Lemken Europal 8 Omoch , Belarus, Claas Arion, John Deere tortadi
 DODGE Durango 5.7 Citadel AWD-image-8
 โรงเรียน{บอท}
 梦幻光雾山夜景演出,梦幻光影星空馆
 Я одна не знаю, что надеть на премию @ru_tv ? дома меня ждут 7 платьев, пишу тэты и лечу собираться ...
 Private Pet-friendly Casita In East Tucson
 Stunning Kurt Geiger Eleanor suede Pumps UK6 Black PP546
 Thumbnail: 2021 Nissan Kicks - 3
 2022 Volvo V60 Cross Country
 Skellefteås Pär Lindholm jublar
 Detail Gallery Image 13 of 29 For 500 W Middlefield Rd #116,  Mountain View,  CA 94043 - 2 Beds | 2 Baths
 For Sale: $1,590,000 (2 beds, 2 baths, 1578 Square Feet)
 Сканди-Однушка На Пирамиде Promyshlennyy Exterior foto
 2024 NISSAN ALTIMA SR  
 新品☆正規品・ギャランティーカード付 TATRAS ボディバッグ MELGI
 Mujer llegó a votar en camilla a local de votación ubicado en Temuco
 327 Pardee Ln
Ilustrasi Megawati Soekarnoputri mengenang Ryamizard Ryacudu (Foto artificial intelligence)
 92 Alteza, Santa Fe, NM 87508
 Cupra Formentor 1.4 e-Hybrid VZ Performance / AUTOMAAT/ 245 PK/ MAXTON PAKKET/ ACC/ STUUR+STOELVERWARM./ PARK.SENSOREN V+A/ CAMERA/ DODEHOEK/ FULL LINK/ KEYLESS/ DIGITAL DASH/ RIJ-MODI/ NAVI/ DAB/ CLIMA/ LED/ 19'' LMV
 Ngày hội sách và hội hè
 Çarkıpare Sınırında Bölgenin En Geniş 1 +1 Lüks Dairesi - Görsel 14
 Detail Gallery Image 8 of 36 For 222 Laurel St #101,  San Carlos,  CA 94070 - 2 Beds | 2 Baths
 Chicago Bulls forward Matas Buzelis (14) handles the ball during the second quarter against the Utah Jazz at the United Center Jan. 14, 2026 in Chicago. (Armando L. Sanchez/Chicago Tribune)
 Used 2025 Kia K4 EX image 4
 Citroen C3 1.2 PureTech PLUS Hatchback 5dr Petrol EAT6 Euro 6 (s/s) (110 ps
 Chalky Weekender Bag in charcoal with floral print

▶ _What you are asked to do_:
Only the lines from the one holding "Detail Gallery Image 13" through the final line of the entries, both included, should be given again, word for word.

▶ _Answer below_:
 Detail Gallery Image 13 of 29 For 500 W Middlefield Rd #116,  Mountain View,  CA 94043 - 2 Beds | 2 Baths
 For Sale: $1,590,000 (2 beds, 2 baths, 1578 Square Feet)
 Сканди-Однушка На Пирамиде Promyshlennyy Exterior foto
 2024 NISSAN ALTIMA SR  
 新品☆正規品・ギャランティーカード付 TATRAS ボディバッグ MELGI
 Mujer llegó a votar en camilla a local de votación ubicado en Temuco
 327 Pardee Ln
Ilustrasi Megawati Soekarnoputri mengenang Ryamizard Ryacudu (Foto artificial intelligence)
 92 Alteza, Santa Fe, NM 87508
 Cupra Formentor 1.4 e-Hybrid VZ Performance / AUTOMAAT/ 245 PK/ MAXTON PAKKET/ ACC/ STUUR+STOELVERWARM./ PARK.SENSOREN V+A/ CAMERA/ DODEHOEK/ FULL LINK/ KEYLESS/ DIGITAL DASH/ RIJ-MODI/ NAVI/ DAB/ CLIMA/ LED/ 19'' LMV
 Ngày hội sách và hội hè
 Çarkıpare Sınırında Bölgenin En Geniş 1 +1 Lüks Dairesi - Görsel 14
 Detail Gallery Image 8 of 36 For 222 Laurel St #101,  San Carlos,  CA 94070 - 2 Beds | 2 Baths
 Chicago Bulls forward Matas Buzelis (14) handles the ball during the second quarter against the Utah Jazz at the United Center Jan. 14, 2026 in Chicago. (Armando L. Sanchez/Chicago Tribune)
 Used 2025 Kia K4 EX image 4
 Citroen C3 1.2 PureTech PLUS Hatchback 5dr Petrol EAT6 Euro 6 (s/s) (110 ps
 Chalky Weekender Bag in charcoal with floral print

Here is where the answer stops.